◆ **Task requirements**
In the records below, find the line that contains "this 474×632 image.". Retype that line and all the lines after it through the end, leaving out the pictures.
--------------------------------
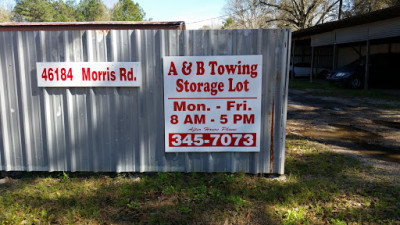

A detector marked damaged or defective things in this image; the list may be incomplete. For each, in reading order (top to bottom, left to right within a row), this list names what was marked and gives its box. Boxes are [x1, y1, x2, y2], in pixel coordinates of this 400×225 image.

rusty metal panel [0, 28, 290, 174]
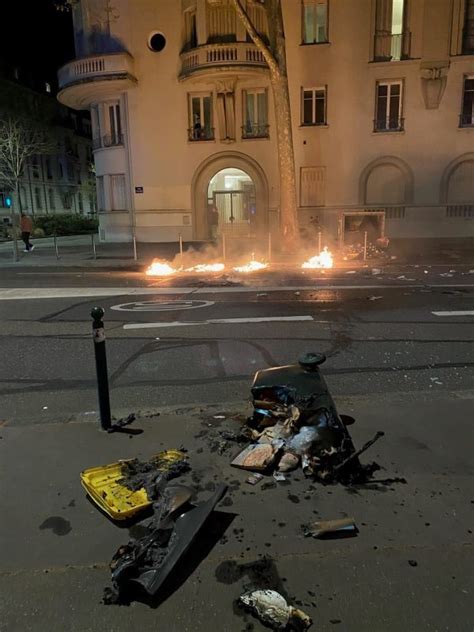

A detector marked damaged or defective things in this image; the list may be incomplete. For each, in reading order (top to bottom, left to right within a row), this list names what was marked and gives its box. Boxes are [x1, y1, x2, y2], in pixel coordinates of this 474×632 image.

burned garbage [231, 356, 384, 484]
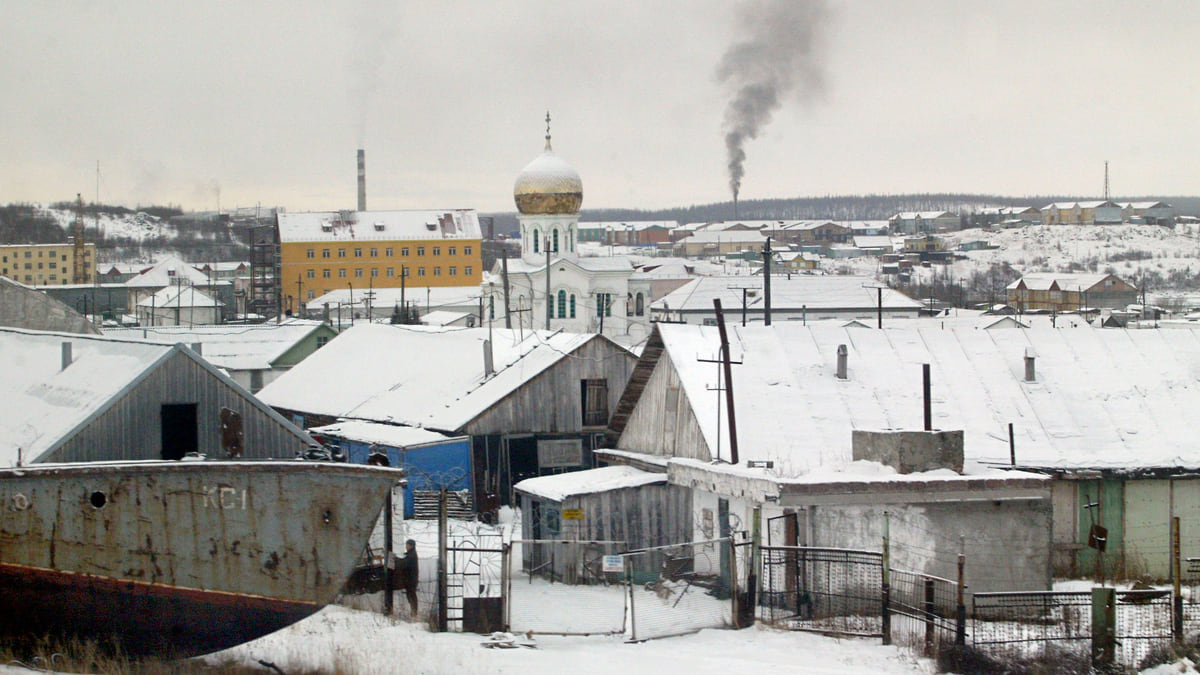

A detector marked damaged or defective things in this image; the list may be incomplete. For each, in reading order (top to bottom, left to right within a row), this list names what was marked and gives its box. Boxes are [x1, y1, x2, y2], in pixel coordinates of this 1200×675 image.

rusty boat hull [0, 458, 403, 653]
--------------------------------
◆ **Written answer**
A detector marked damaged or defective things in this image; the list may be incomplete. For each, in reading order (top to bottom, left to right within a row), this list names what was marked and gives its box. Boxes are [x1, y1, x2, y2], in pixel coordinates of this 474×632 image.

burned garbage [231, 356, 384, 484]

A detector marked damaged or defective things in this image; the list may be incomplete. For each, in reading order (top to bottom, left to right within a row), this list names what was marked and gives its box. Boxes are [x1, y1, x2, y2], in pixel coordinates of this 1200×675 image.

rusty boat hull [0, 458, 403, 653]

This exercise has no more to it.